Graffagnino Sr. has a similar uplifting effect on people, greeting them with a smile that is easy to return. And even when speaking of his son, the memories are not all sad.
“He liked to cook, and I like to eat,” Graffagnino joked recently. “It worked out good.”
Beddia and Graffagnino were both good cooks, especially Italian food, Fulcher said, but Graffagnino had one quirk when it came to sampling food the other firefighters cooked.
“Joey would only eat his mother’s meatballs,” Fulcher said. “He wouldn’t eat anyone else’s, not even his wife’s. That’s the type of guy he was.”
Joe Hund, a Brooklyn firefighter and close friend of Graffagnino Jr., called him “the nicest guy in the world.”
On 9/11, Hund fought the fire that burned in the basement and ground floor of the Deutsche Bank building.
“I knew that day it had to come down,” he said. “I lost a good friend in that building seven years later.”
Placing Blame Graffagnino Sr. places the bulk of the responsibility for last August’s fire on the L.M.D.C. He is suing them, along with the city, Department of Buildings, Fire Department, contractor Bovis Lend Lease and subcontractor John Galt Corp. Beddia’s family filed a similar civil suit. Both suits are on hold while the district attorney investigates criminal charges. Graffagnino said the district attorney was supposed to do indictments this summer but now pushed them to September or October. A source told Downtown Express that the grand jury has the month of August off and intends to wrap up the indictments when they return in September. Meanwhile, Graffagnino is getting impatient.
“People should go to jail for this,” Graffagnino said. “Hitting a millionaire with a fine is [B.S.]. You were [behind] this, you could have stopped it. You should pay.”
Crocco, Beddia’s sister, added that she doesn’t know if the indictments will make her feel any better, but it’s important to hold people accountable and punish them for what happened.
Alicia Maxey Greene, spokesperson for the D.A., would say only, “The investigation is continuing.”

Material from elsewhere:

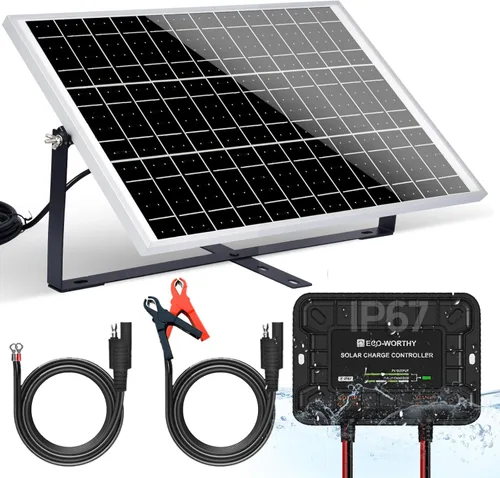 ECO-WORTHY Cargador de batería solar de 25 W 12 V, mantenedor de goteo, kit de panel solar impermeable de 25 W + soporte de montaje ajustable +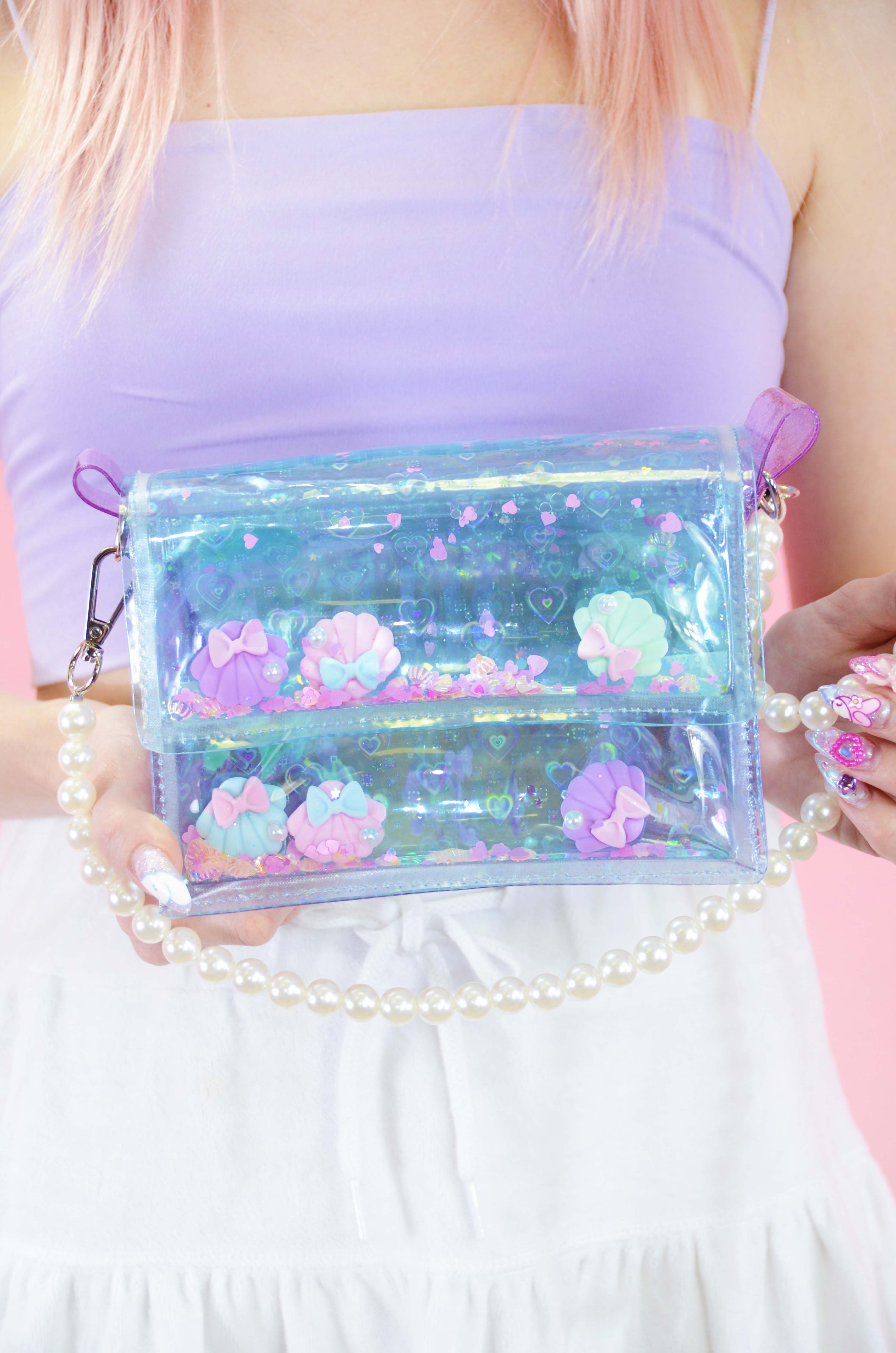 Liquid Glitter Mini Purse – Pretty in Pearls - Electric Bubblegum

The Uniformed Firefighters’ Association released a statement to Downtown Express saying they have full confidence in the D.A.’s investigation. The Uniformed Fire Officers Association released a similar statement saying Graffagnino and Beddia deserve a thorough investigation of what went wrong and who was at fault.
Community Board 1 passed a resolution several years ago warning the L.M.D.C. about John Galt Corp., but the L.M.D.C. ignored the warning. After the fire, C.B. 1 submitted the resolution to the D.A.’s office, hoping to make the case that the L.M.D.C. was negligent in hiring John Galt since the L.M.D.C. had reason to believe the subcontractor was unfit for the job, a senior C.B. 1 official said.

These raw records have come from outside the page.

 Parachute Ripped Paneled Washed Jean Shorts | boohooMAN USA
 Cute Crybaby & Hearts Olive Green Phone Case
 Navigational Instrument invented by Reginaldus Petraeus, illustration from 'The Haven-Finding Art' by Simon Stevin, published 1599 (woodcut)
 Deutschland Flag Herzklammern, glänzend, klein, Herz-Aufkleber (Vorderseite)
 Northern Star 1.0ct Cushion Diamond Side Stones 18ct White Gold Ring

A source briefed on the D.A. investigation told Downtown Express last year that while the criminal investigation is taking precedence, the D.A. plans to release a report citing the non-criminal government mistakes that led to the fatal fire.
L.M.D.C. chairperson Avi Schick declined to comment for this story.
Graffagnino Sr. designs telecommunications systems for a living, and after the fire he decided to apply his work to communications between firefighters in a burning building and the commander back on the truck. Graffagnino invented the idea of computer chips that track firefighters, sending information about the firefighter’s location and the amount of oxygen left in his tank to the commander via radio waves. If the Fire Department can overlay that information on the Buildings Department’s digital blueprints of buildings, then the commander can guide firefighters toward exits from the safety of the truck.
Several firehouses in Queens and the Bronx are testing the radio wave technology, and Graffagnino said he’s gotten a positive response from the Fire Department.
“It definitely would have saved his life,” Graffagnino said of the new technology helping his son. “The first fireman that lives because of this, I want to be there.”